Eddie Williams

No. 40, 43, 44
- Positions: Fullback, running back

Personal information
- Born: August 22, 1987 (age 38) San Mateo, California, U.S.
- Listed height: 6 ft 2 in (1.88 m)
- Listed weight: 249 lb (113 kg)

Career information
- High school: Aragon (San Mateo)
- College: Idaho
- NFL draft: 2009: 7th round, 221st overall pick

Career history
- Washington Redskins (2009); Chicago Bears (2010−2011)*; Cleveland Browns (2011)*; Seattle Seahawks (2011); Cleveland Browns (2011−2013);
- * Offseason or practice squad member only

Career NFL statistics
- Rushing attempts: 2
- Rushing yards: 2
- Receptions: 1
- Receiving yards: 17
- Stats at Pro Football Reference

= Eddie Williams (American football) =

American football player (born 1987)

Eddie James Williams (born August 22, 1987) is an American former professional football player who was a fullback in the National Football League (NFL). He played college football for the Idaho Vandals, and was selected by the Washington Redskins in the seventh round of the 2009 NFL draft. He was also a member of the Chicago Bears, Cleveland Browns, and Seattle Seahawks.

==College career==
Williams was a first-team All-WAC selection in 2008, and a SI.com honorable mention All-American. Williams is Idaho's 1-A all-time tight ends single-season receptions leader with 54. He also attended the NFL Scouting Combine in February 2009.

==Professional career==
===Washington Redskins===
Williams was selected by the Washington Redskins in the seventh round of the 2009 NFL draft with the 221st overall pick. He was waived by the Redskins on September 5, 2009. He was then signed to the practice squad. Williams was activated to the Redskins' 53-man roster on November 2.

After the 2009 season, Williams was released by the team on March 4, 2010.

===Chicago Bears===
On March 10, 2010, Williams was signed by the Chicago Bears. He was waived on September 4, but signed to the Bears' practice squad the next day.

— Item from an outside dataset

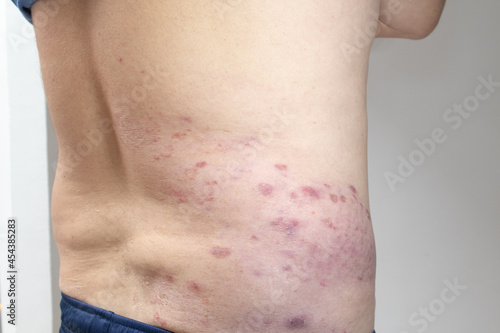 skin herpes zoster photo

Williams was waived on September 2, 2011, before the start of the 2011 regular season.

===Cleveland Browns (first stint)===
Williams was signed to the practice squad of the Cleveland Browns on September 7, 2011.

===Seattle Seahawks===
Williams was signed off the Browns' practice squad by the Seattle Seahawks on September 13. He started six games.

===Cleveland Browns (second stint)===
Williams was re-signed to the Browns on November 8, 2011. He was promoted to the active roster on December 16 and started the remaining three games of the 2011 season. He primarily saw the field as a fullback, but also contributed as an h-back and on special teams.

On August 14, 2012, Williams was waived-injured by the team. After not being claimed off waivers following back surgery, he was put on the team's injured reserve list. He saw action in 2013, playing in fifteen of the Browns' sixteen games, starting six.

==Post-football career==
Williams has been a motivational speaker for businesses and organizations.

===Ministry===
Following his NFL career, Williams served as lead pastor at the Bay City Church in San Francisco. The congregation sought to become a part of the Acts 29 Network, a church planting organization founded by Mark Driscoll. The church ceased operations in late 2020 amidst the COVID-19 pandemic.

Williams currently serves as lead pastor of Doxa Church, previously located in Bellevue, Washington at the former main campus of the Driscoll-led Mars Hill Church. Following the resignation of Driscoll and the dissolution of Mars Hill, the church changed its name and eventually moved to Redmond, Washington.

==Personal life==
Williams grew up in the Bay Area and is married with four children.